Artificial Neural Networks and Neural Information Processing - Icann/Iconip 2003

Artificial Neural Networks and Neural Information Processing - Icann/Iconip 2003
Title Artificial Neural Networks and Neural Information Processing - Icann/Iconip 2003 PDF eBook
Author Okyay Kaynak
Publisher Springer Science & Business Media
Pages 1164
Release 2003-06-16
Genre Computers
ISBN 3540404082

Download Artificial Neural Networks and Neural Information Processing - Icann/Iconip 2003 Book in PDF, Epub and Kindle

This book constitutes the refereed proceedings of the joint International Conference on Artificial Neural Networks and International Conference on Neural Information Processing, ICANN/ICONIP 2003, held in Istanbul, Turkey, in June 2003. The 138 revised full papers were carefully reviewed and selected from 346 submissions. The papers are organized in topical sections on learning algorithms, support vector machine and kernel methods, statistical data analysis, pattern recognition, vision, speech recognition, robotics and control, signal processing, time-series prediction, intelligent systems, neural network hardware, cognitive science, computational neuroscience, context aware systems, complex-valued neural networks, emotion recognition, and applications in bioinformatics.

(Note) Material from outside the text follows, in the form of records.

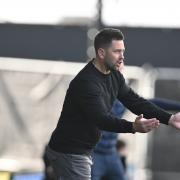 Oxford United head coach Des Buckingham on the touchline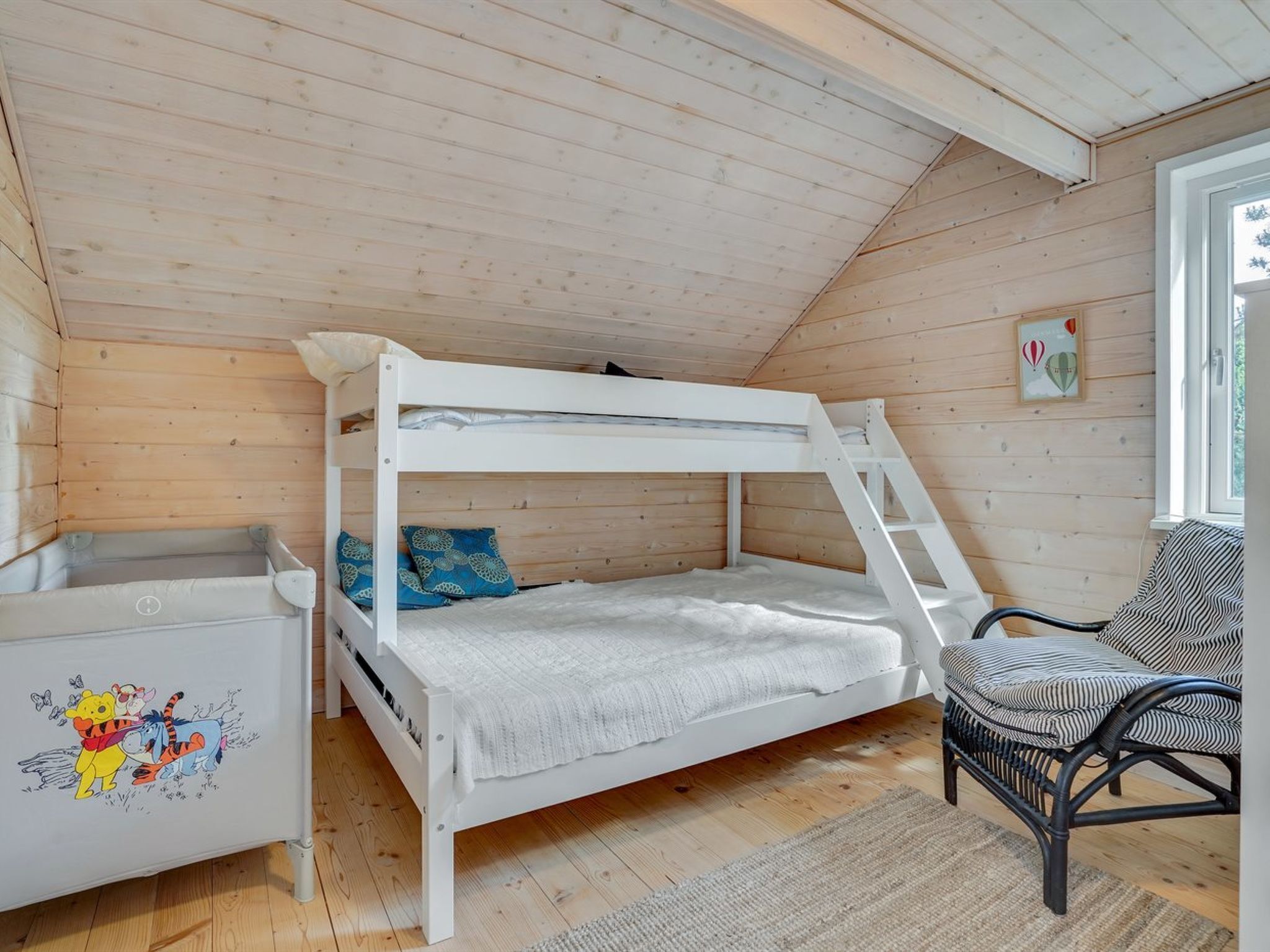 Een stapelbed met een ladder, een stoel en een klein tafeltje met een Winnie the Pooh dessin.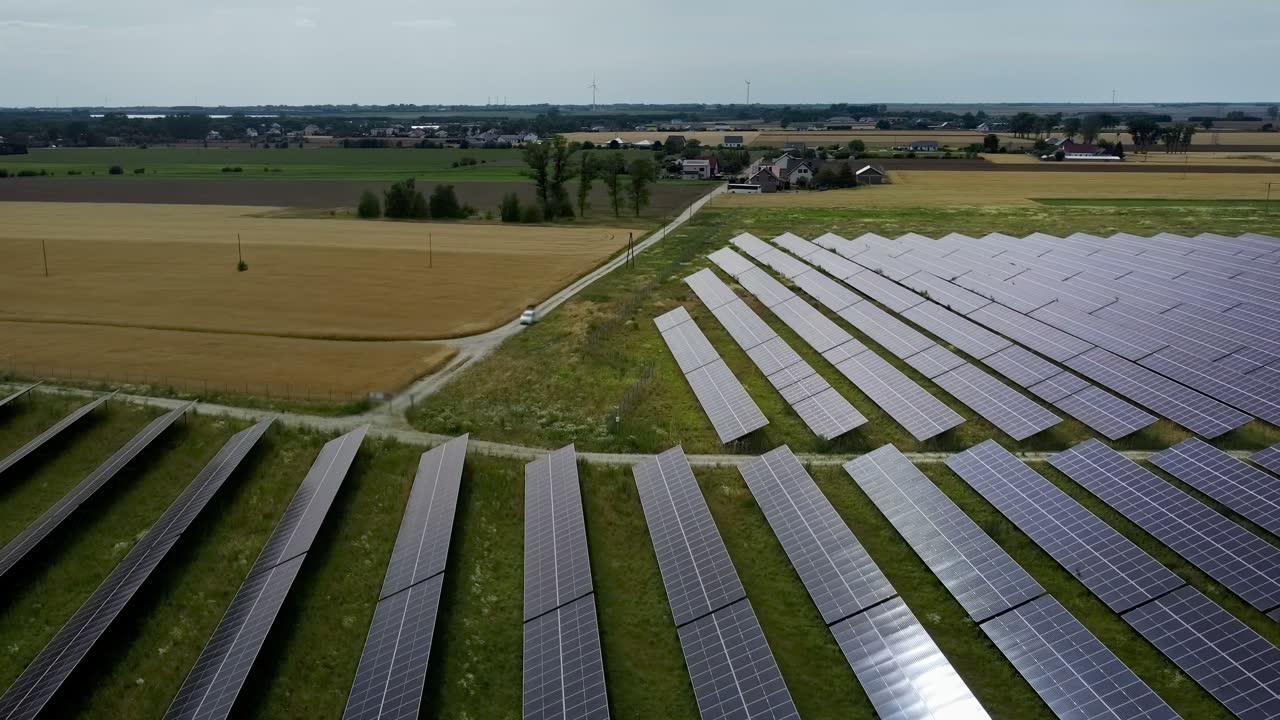 Aerial view of a wind and solar farm with data overlay showing real-time monitoring metrics.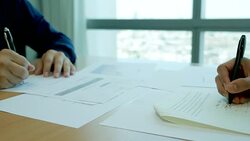 Close-up of a businessman writing a document Stock Footage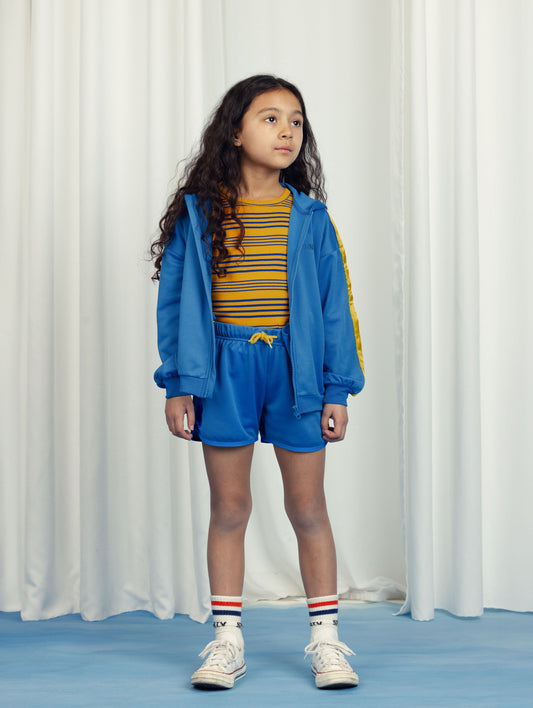 Young girl wearing the Mini Rodini WCT hoodie over a yellow and blue striped top and coordinating blue shorts with a yellow drawstring. She completes the look with white high-top sneakers and striped socks, standing against a minimal cream curtain backdrop.
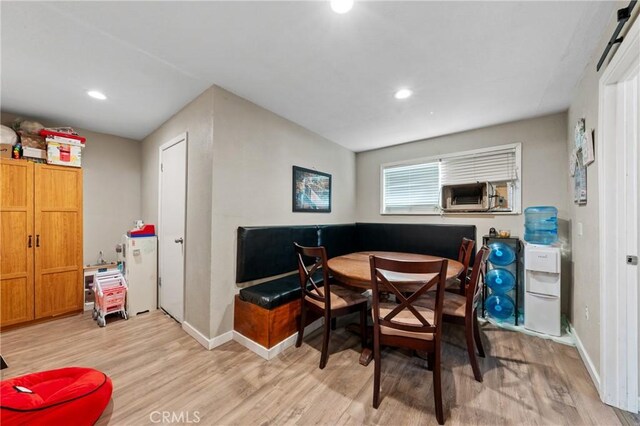 3970 Oakland Ave, Clearlake, CA 95422 - dining area with light wood-style flooring, recessed lighting, and cooling unit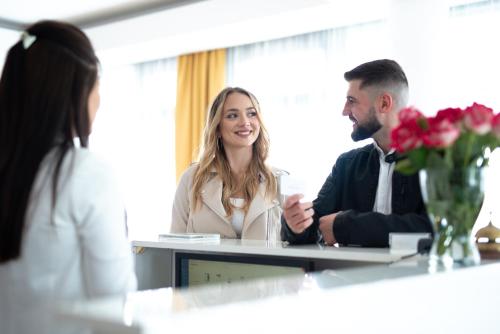 a man and woman sitting at a table in a meeting at Hotel Messa in Władysławowo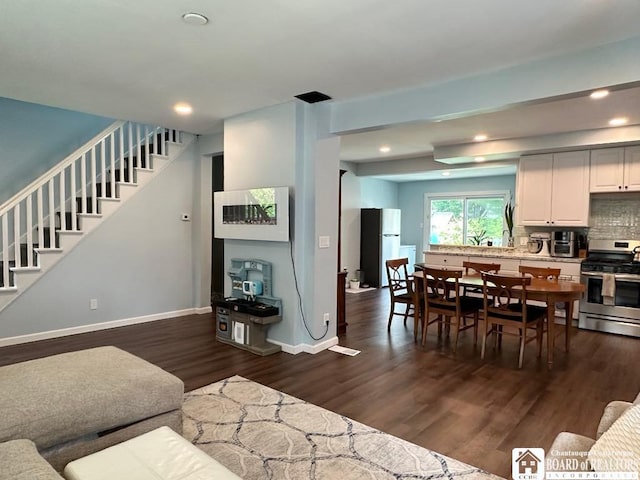12 Juliet St, Jamestown, NY 14701 - living area with stairs, dark wood finished floors, and recessed lighting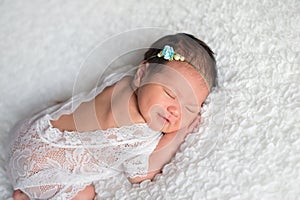 Newborn Baby Girl Wearing a White Lace Romper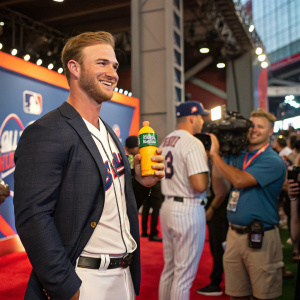 Pete Alonso at the MLB All-Star Game media day, holding a Gatorade bottle. Cheerful pose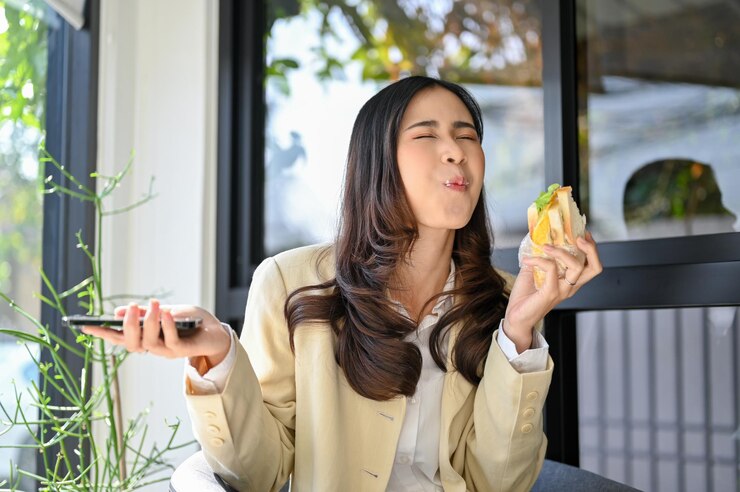 Photo 카페에서 샌드위치를 먹는 그녀의 건강한 아침 식사를 즐기는 즐거운 아시아 사업가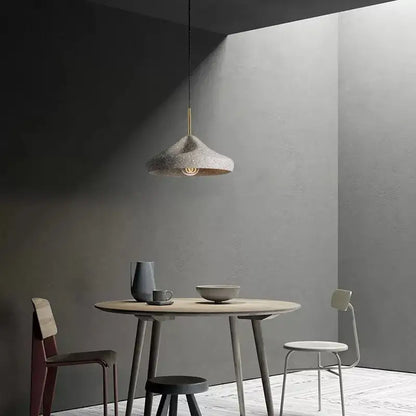 Industrial style pendant chandelier with textured gray concrete shade and brass-finished hanging rod for bedroom decorbites industrial style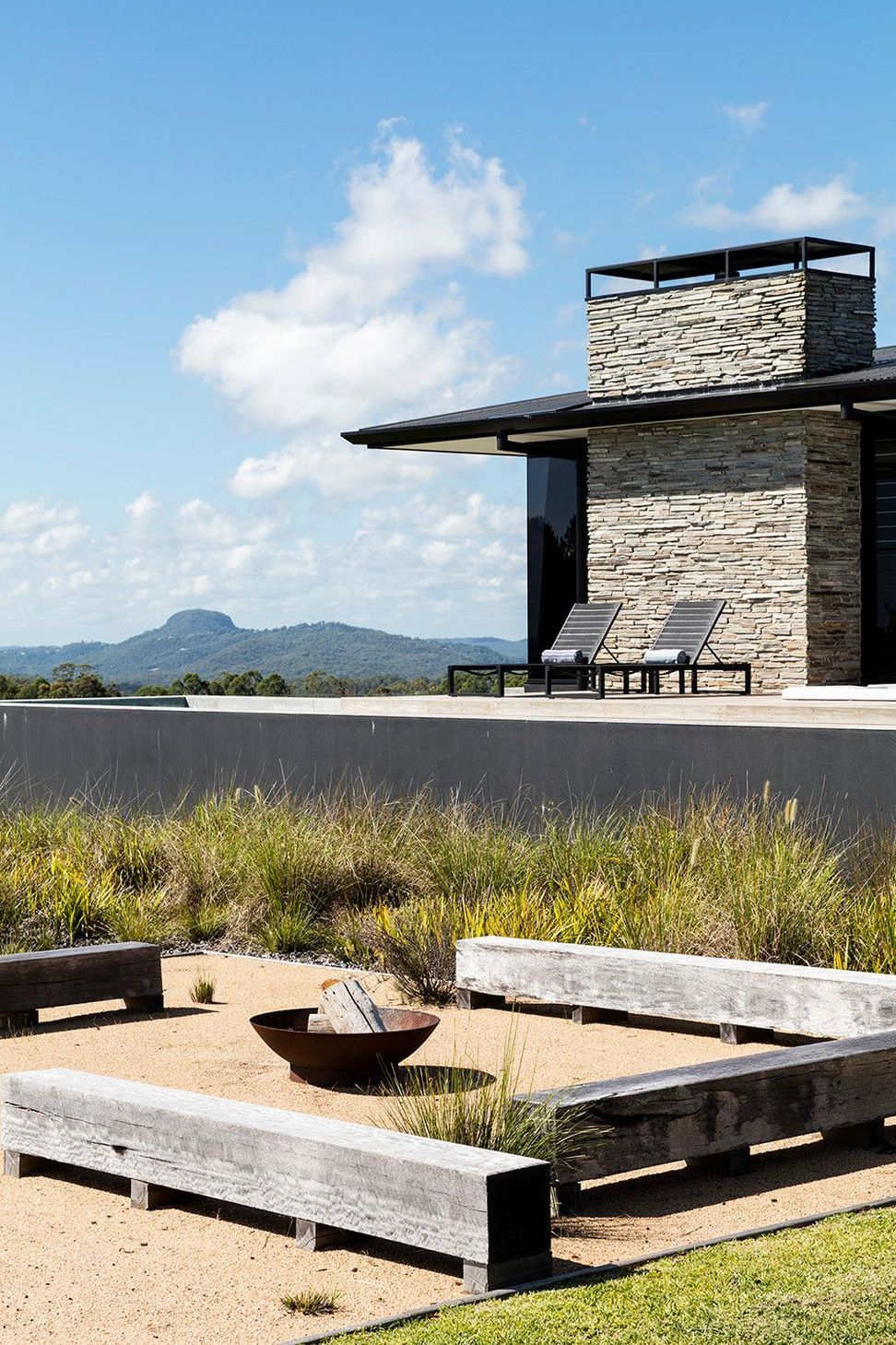 Clark Residence - Exterior. Stacked stone wall and terrace looking to the mountains.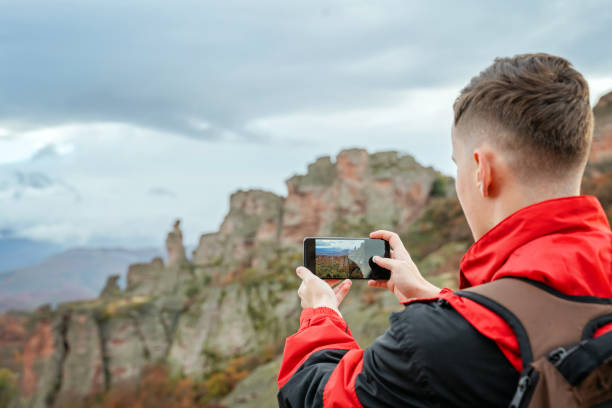 istock Young hiker using phone at the mountain peak 1800499194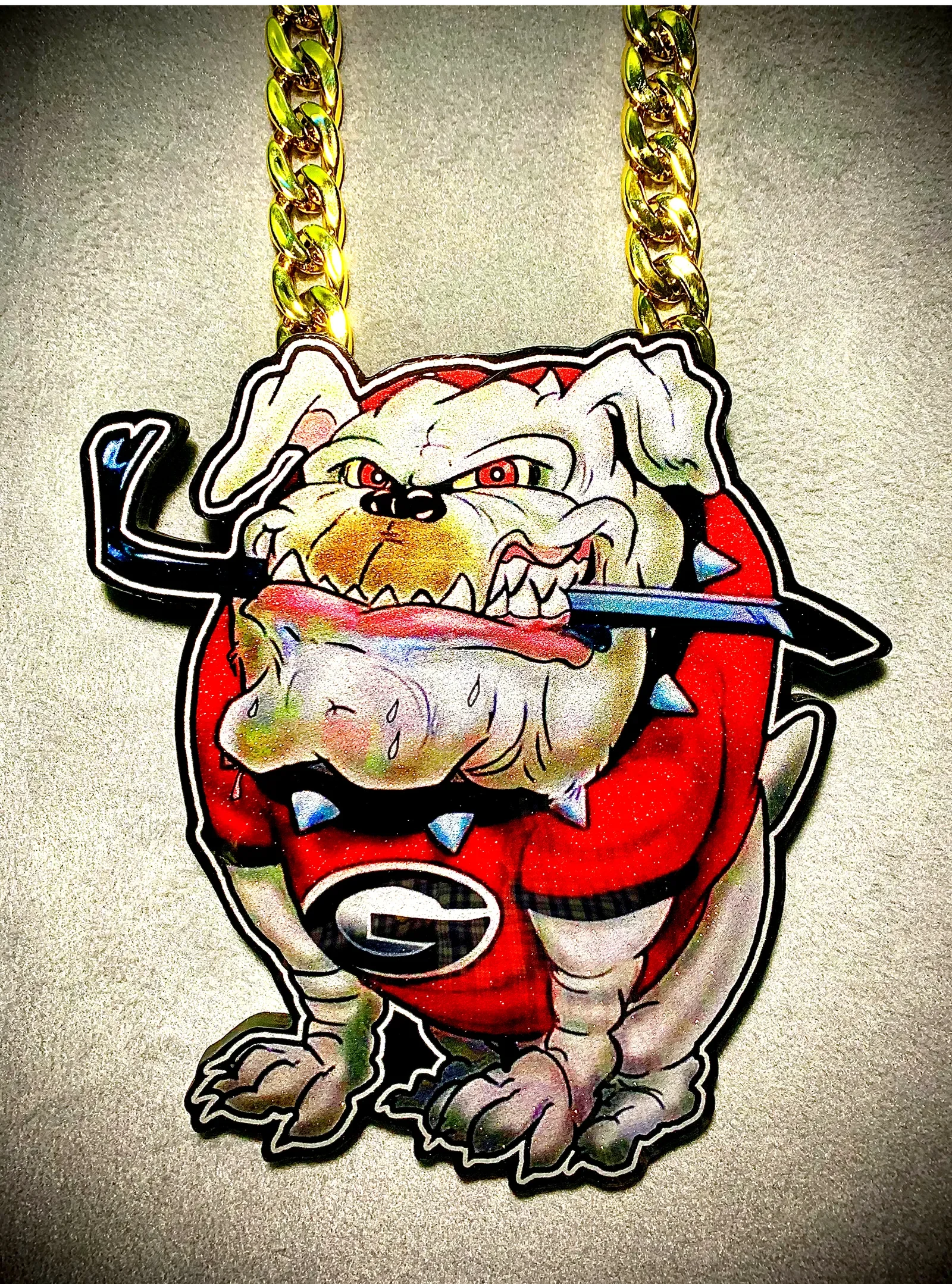 Polished close-up of a custom football pendant on chain.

Neural information processing

Neural information processing
Title Neural information processing PDF eBook
Author Irwin King
Publisher Springer Science & Business Media
Pages 1208
Release 2006-09-22
Genre Computers
ISBN 3540464794

Download Neural information processing Book in PDF, Epub and Kindle

The three volume set LNCS 4232, LNCS 4233, and LNCS 4234 constitutes the refereed proceedings of the 13th International Conference on Neural Information Processing, ICONIP 2006, held in Hong Kong, China in October 2006. The 386 revised full papers presented were carefully reviewed and selected from 1175 submissions.